Com uma linguagem clara, simples, bem jornalística e irreverente principalmente devido as suas diversas analogias, como a feita logo no início do capítulo (A fuga, p. 31), no qual compara a situação que ocorria em Portugal no momento do “abandono” da família real com uma possível situação atual, facilitando assim a compreensão da história. Laurentino Gomes cumpre seu objetivo de tornar a história mais acessível para os próprios brasileiros, além de fazer um resgate do esquecido período de 13 anos da corte portuguesa no Brasil, de 1808 a 1821, através da investigação de fatos por uma variedade de fontes, algumas menos convencionais, com o fator interessante de que, no fim do livro, há notas e bibliografia bem detalhadas, esclarecendo a veracidade da pesquisa feita por 10 anos.
O livro, dividido em 29 capítulos, demonstra cada momento do episódio da fuga da família real, desde o planejamento às pressas, o cotidiano na nova sede real, a transformação da colônia até o retorno de D. João, além das discussões acerca das influências diretas e indiretas deste episódio, como o histórico da decadência portuguesa, devido, entre outros, ao seu atraso industrial e dependência de suas colônias e a situação de abandono da metrópole portuguesa durante os 13 anos.
A partir da saída de Portugal, todo o cotidiano da família real e de seus acompanhantes na jornada passa a ser muito bem descrito, inclusive após a chegada ao Rio de Janeiro, antiga capital da colônia. Com riqueza de detalhes, apresenta a personalidade e historiografia de seus principais personagens, D. João, príncipe regente e mais tarde rei e sua esposa Carlota Joaquina, expostos em capítulos exclusivos.

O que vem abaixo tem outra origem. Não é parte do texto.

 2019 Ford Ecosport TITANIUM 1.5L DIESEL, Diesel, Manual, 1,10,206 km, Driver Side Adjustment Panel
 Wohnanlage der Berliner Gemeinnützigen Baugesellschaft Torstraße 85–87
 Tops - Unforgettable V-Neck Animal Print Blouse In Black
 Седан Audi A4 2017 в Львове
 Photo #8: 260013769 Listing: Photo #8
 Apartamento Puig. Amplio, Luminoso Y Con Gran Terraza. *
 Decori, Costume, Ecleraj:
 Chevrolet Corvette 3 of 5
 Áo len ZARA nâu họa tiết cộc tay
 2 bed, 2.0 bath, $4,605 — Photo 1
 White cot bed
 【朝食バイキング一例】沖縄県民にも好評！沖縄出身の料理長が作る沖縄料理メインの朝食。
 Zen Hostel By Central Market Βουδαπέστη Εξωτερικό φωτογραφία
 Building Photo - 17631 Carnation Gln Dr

Como resultados desta ampla pesquisa, revelam-se histórias e testemunhos das fontes mais irreverentes, como os curiosos registros de um repórter da época chamado Padre Perereca, retratando como os brasileiros viam aquele encontro de dois mundos tão diferentes e também das cartas de um arquivista real português, Luiz Joaquim dos Santos Marrocos, do Brasil ao seu pai em Lisboa a partir de 1811, dando conhecimento sobre o cotidiano da colônia. Conforme a opinião do autor, podemos acompanhar pelo comportamento de Marrocos, sua própria conversão de opiniões em relação ao Brasil destacado no trecho do livro na p. 297: “...Marrocos tornou-se o paradigma do colonizador europeu capturado pelo redemoinho da história no começo do século XIX, que, surpreendido pelos acontecimentos, primeiro tenta reagir a eles. Depois se adapta e se transforma.” , sendo possível verificar o nascimento de um Brasil diferente, pela adaptação que sofreu devido a presença da elite portuguesa, com o choque de culturas ocorrido em 1808.
Assim, após compreendido o livro, pode-se entender a frase “ As pessoas fazem a história, mas raramente se dão conta do que estão fazendo.” de Christopher Lee citada no início deste, funciona como uma das principais mensagens que o autor buscou demonstrar de forma brilhante , que foi o legado positivo, que, ao acaso D. João VI, com suas atitudes medrosas ou não, permitiu que ocorressem transformações aos longo desses 13 anos que mudaram o rumo da colônia portuguesa na América.